I don't think that it would necessarily need to mirror the exact structure of
the menus - it just depends on how it's linked to the overall process (if you
are thinking user docs). Also some of the things we need to write about won't
appear anywhere in the menus - so we'll need a general place for that.
My comment was also about the format of each of the source documents to ensure
consistency. Since we are going to be consolidating many smaller documents into
one big one, so it needs to look like they belong together.
Hope that makes it clearer.
Thanks
Sharan
On 2018-01-17 16:08, Craig Parker <[email protected]> wrote:
I think the doc structure ought to mirror the menu in the software, or
are you talking about how a doc itself is laid out?
On 01/17/2018 09:25 AM, Sharan Foga wrote:
Hi Taher
Great work! I tried it out and found it simple and easy to use (and write!).
When can we start writing ? :-)
I was thinking to start with basic descriptions of each of the applications,
then see how it evolves from there. We can maybe recover some documentation
content from various sources including our existing online help system and the
wiki.
The documentation structure will maybe need some thought, and we may need to
sort out some common template or guidelines around it.
Thanks
Sharan
On 2018-01-14 12:33, "Sharan Foga"<[email protected]> wrote:
Excellent news Taher!
Thanks very much for your effort on this. I'll aim to try it out this week and
come back with any feedback.
Thanks
Sharan
On 2018-01-12 17:36, Taher Alkhateeb <[email protected]> wrote:
Hello everyone,
Sorry for the delay on my part, I got a little preoccupied. Anyway, I
have a small patch in [1] that provides the PoC for integrating
asciidoctor with OFBiz. I also provided in the the JIRA [1]

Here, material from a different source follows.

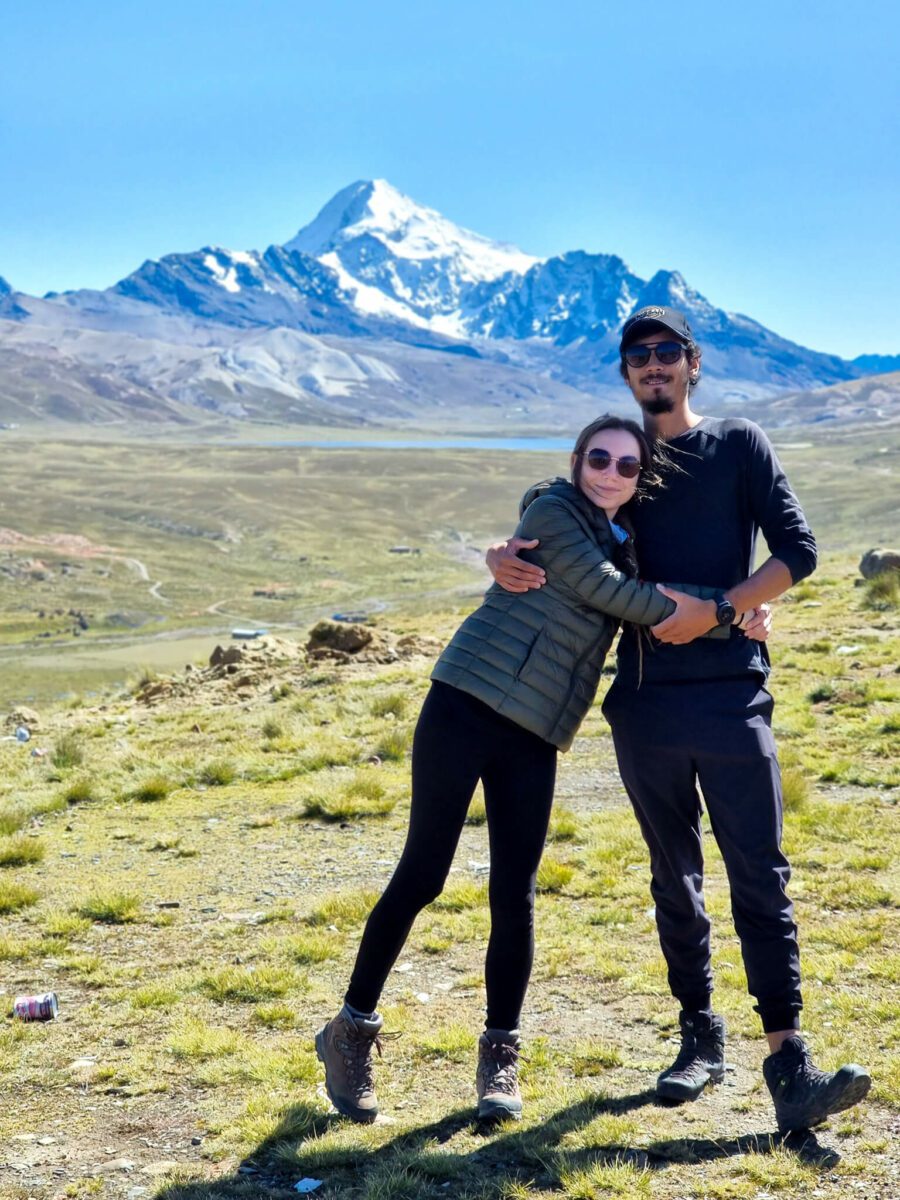 voyage en bolivie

instructions on how to run it. Essentially, this allows you to create
documentation for any component by simply creating a src/docs/asciidoc
directory and putting files inside.
This solution is flexible and allows us to build bigger designs on top
of it. Please review it and tell me if you like the general design.

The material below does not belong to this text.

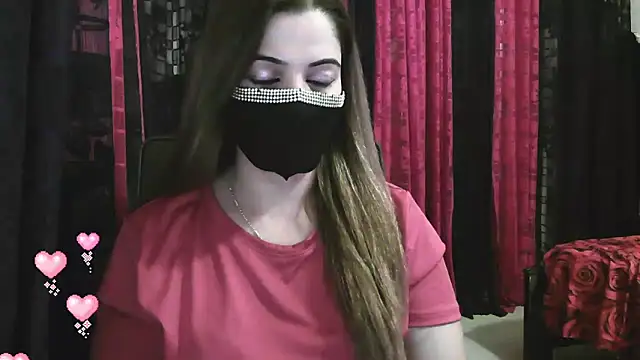 Cute Sonii online show from 03-07-25, 08:56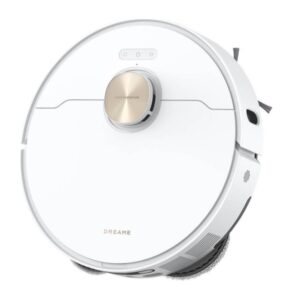 Dreame L10s Pro Ultra valymo robotas (baltas) - Image 3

[1] https://issues.apache.org/jira/browse/OFBIZ-9873
On Tue, Oct 17, 2017 at 11:01 AM, Taher Alkhateeb
<[email protected]> wrote:
Hello Folks,
We've had this discussion multiple times in the past, but I think I
have a more concrete idea this time for solving this problem. In the
past few weeks we've been working internally in Pythys to figure out
the best way to write and distribute documentation, and I think most
of that is applicable to OFBiz.
In a nutshell, here is the idea (practically) for how to proceed:
- The documentation language to use is Asciidoc
- The documentation tool is Asciidoctor
- Publishing happens through Gradle using the asciidoctor gradle
plugin (not the OFBiz framework or anything else).

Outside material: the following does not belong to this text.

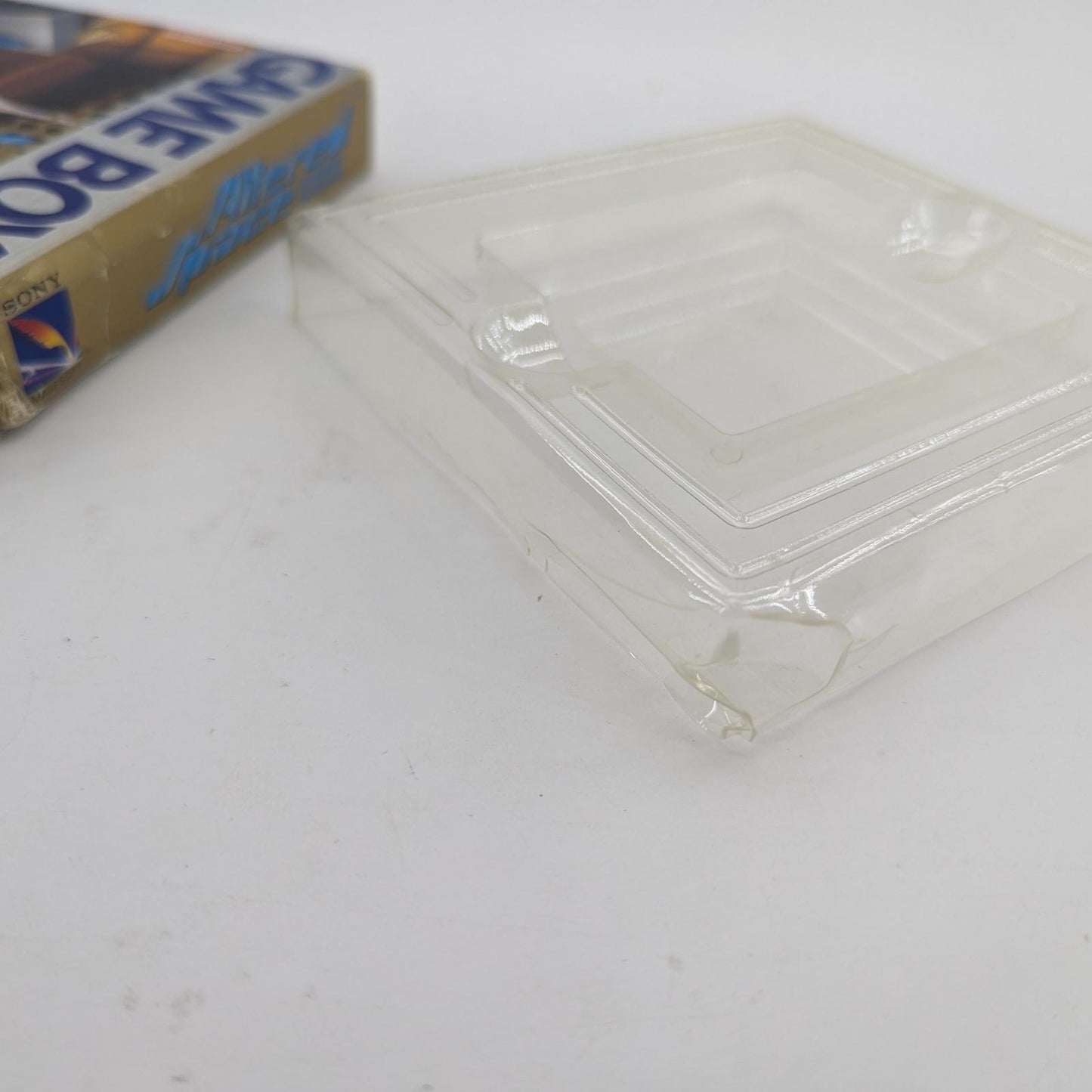 Altered Space - Nintendo Game Boy - Complete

- The only place where we write documentation is inside the code base
- Every component contains its own documentation
- General documentation goes to either a standalone directory or a
generic component like common or base
- As much as possible, documentation files are small and focused on
one topic. And then other longer documents are constructed from these
snippets of documentation.
- We publish to all formats including PDF for users, or HTML for
embedded help and wiki pages. So OFBiz does not parse docbook for its
help system, instead it just renders generated HTML.
As I've worked extensively with Asciidoc I find it easy to pickup
(like markdown) but also modular (like docbook and dita). It's also
neat that you can sprinkle variables all around in your document so
that update is no longer a painful grepping process.
Would love to hear your thoughts on this.